La Biennale décerne une série de récompenses visant les approches les plus audacieuses. De la dernière édition, on retient le prix Seydou Keïta remis à Uche Okpa-Iroha (Nigeria, 1972) pour son travail intitulé Plantation Boy, une série de clichés dans lesquels il s’incruste – au sens propre – dans des images du film Le Parrain. Une façon de dénoncer la trop longue absence des Afro-Américains dans l’industrie cinématographique hollywoodienne. Le travail de Lebohang Kganye (Afrique du Sud, 1990) a aussi été primé : dans Her-Story, la photographe superpose sa propre image à celle de sa mère dans des lieux où celle-ci a été photographiée, tandis que dans Heir-Story, elle se met en scène habillée du même costume que son grand-père.

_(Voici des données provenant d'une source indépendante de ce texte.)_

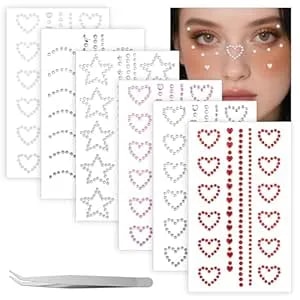 6sheet Face Gems With Tweezer, Self Adhesive Face Makeup Gems 3d Star Heart Moon Shape Facial Gem Stickers With Tweezer Facial Jewels Body Gem For Faces Eye Makeup Body Diy Craft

De plus en plus prisée dans les collections occidentales d’art africain, la photographie malienne (et plus largement africaine) profite à présent d’une timide reconnaissance commerciale. Reste que pour les photographes africains contemporains, la situation est difficile : l’écrasante majorité exerce dans une grande précarité. Pour  » coller  » aux attentes du marché occidental (et espérer développer leur activité), ils sacrifient leur liberté pour livrer des clichés qui répondent à une vision et à un goût formatés. Ainsi, leurs clichés véhiculent de l’Afrique une image  » préfabriquée « , stéréotypée. Une réalité qu’il ne faut ni condamner, ni ignorer.

(1) Citations de Seydou Keïta extraites du livre Seydou Keïta, par André Magnin et Youssouf Tata Cissé, éd. Scalo, Zürich, 1997.